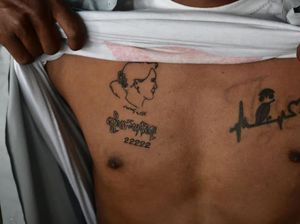 Tato Tanda Cinta Demonstran ke Suu Kyi Tato Tanda Cinta Demonstran ke Suu Kyi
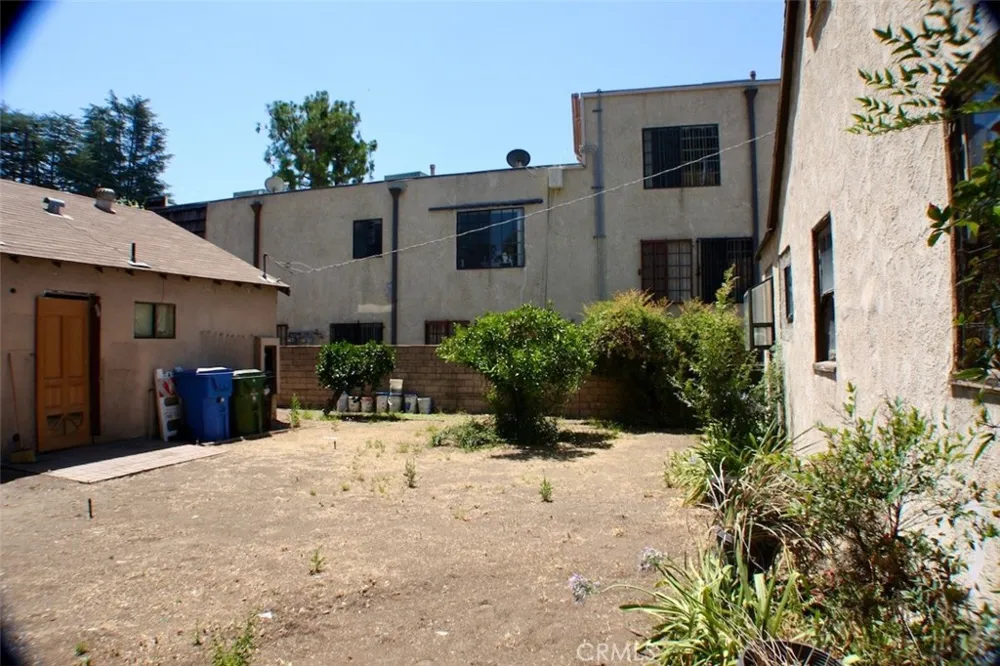 5739 Hazeltine Avenue Van Nuys, CA 91401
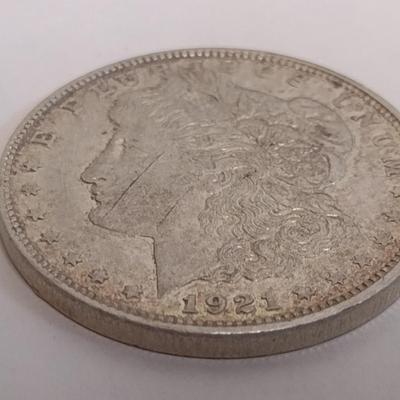 1921 U.S. Mint Morgan Silver Dollar Coin Circulated (#84)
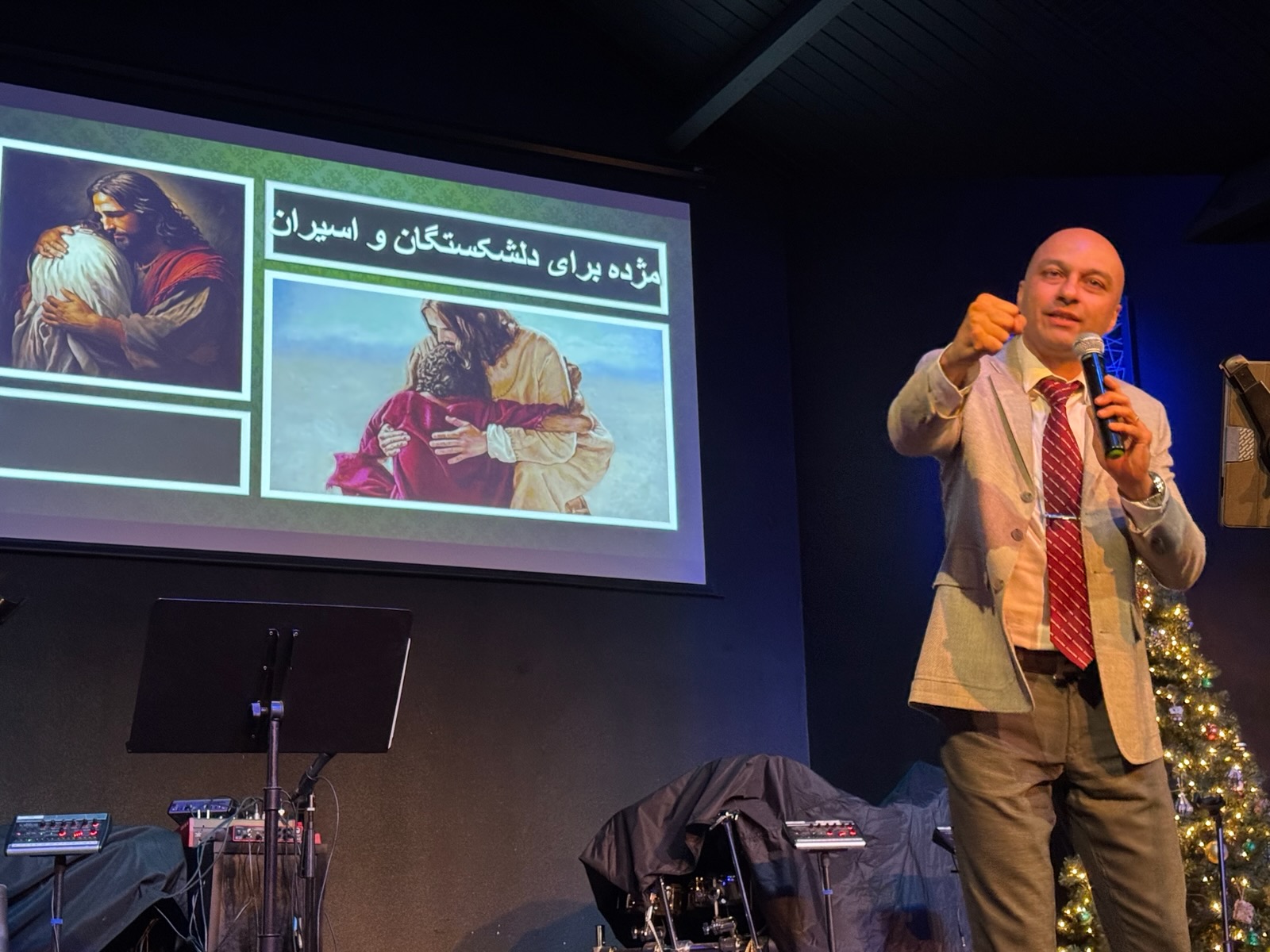 ‘Mix of emotions’ within Iranian congregation in U.S. as war continues on homeland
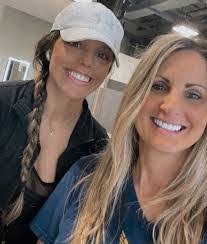 Shawna Williams's Instagram, Twitter & Facebook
═══
Exercise aim -
The records above must be returned exactly, with each picture omitted.

Answer area -
 Tato Tanda Cinta Demonstran ke Suu Kyi Tato Tanda Cinta Demonstran ke Suu Kyi
 5739 Hazeltine Avenue Van Nuys, CA 91401
 1921 U.S. Mint Morgan Silver Dollar Coin Circulated (#84)
 ‘Mix of emotions’ within Iranian congregation in U.S. as war continues on homeland
 Shawna Williams's Instagram, Twitter & Facebook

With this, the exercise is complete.